The story begins at the end of a life, the end of Dakota Crow’s life.

And we begin with the last images that flash through her mind as she is dying – her mother, her father, her sister, and the man she was in love with.

For me, in writing this scene I was trying to think of things that I loved, things I might me 2017see in my own last moments, ‘autumn rain falling on the garden,’ was actually a memory of my own. I remember being a teenager and when it would rain I would sit beside the open back door, breathing in the scent of the wet garden and writing poems. I recall the more beautiful things even if they were insignificant to anyone else.

Dying is the loneliest thing we will ever do – no matter what happens we all know we are going to die – but what matters is what we would remember as beautiful about our lives, what memories would make our passing peaceful and happy – what things would we be most grateful for in the end, whose face would see us through that final moment?

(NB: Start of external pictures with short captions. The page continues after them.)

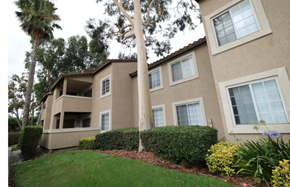 Ontario apartment for rent - A beige building with a red tile roof and a green lawn in front.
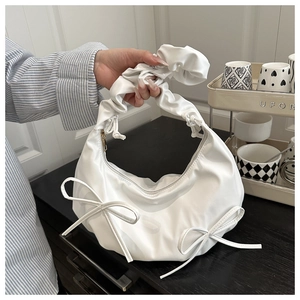Detail of white PU leather cloud bag featuring ruched handle and side bow decorations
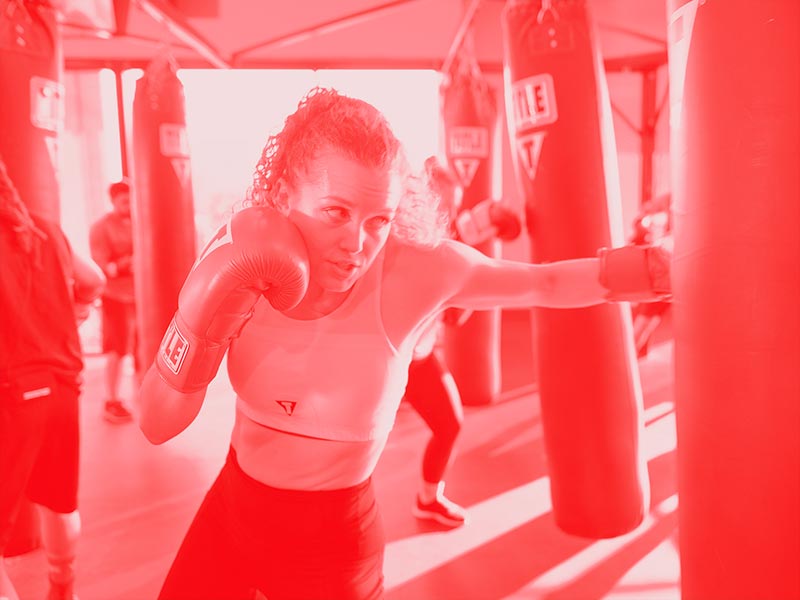 woman hitting weighted bag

Shortly after this she wakes up, the last images she saw in life, the wet forest, switch places with a new environment – a dirty, decaying Victorian Hotel. She finds herself in a lobby, other unfriendly faces peering at her, instantly feeling unwelcome and lost. But she knows she is dead, she just doesn’t know how or why. And for her this will be the greatest test – reliving her forgotten life in order to remember her crimes and her death in order to repent.

I chose to throw the reader in at the deep end – straight into Purgatory because I wanted the reader’s experience to mirror Dakota’s own. She has no memory of what she has done or what this awful new place is – so the reader learns along with her, travels down the rabbit hole and into the darkness with her.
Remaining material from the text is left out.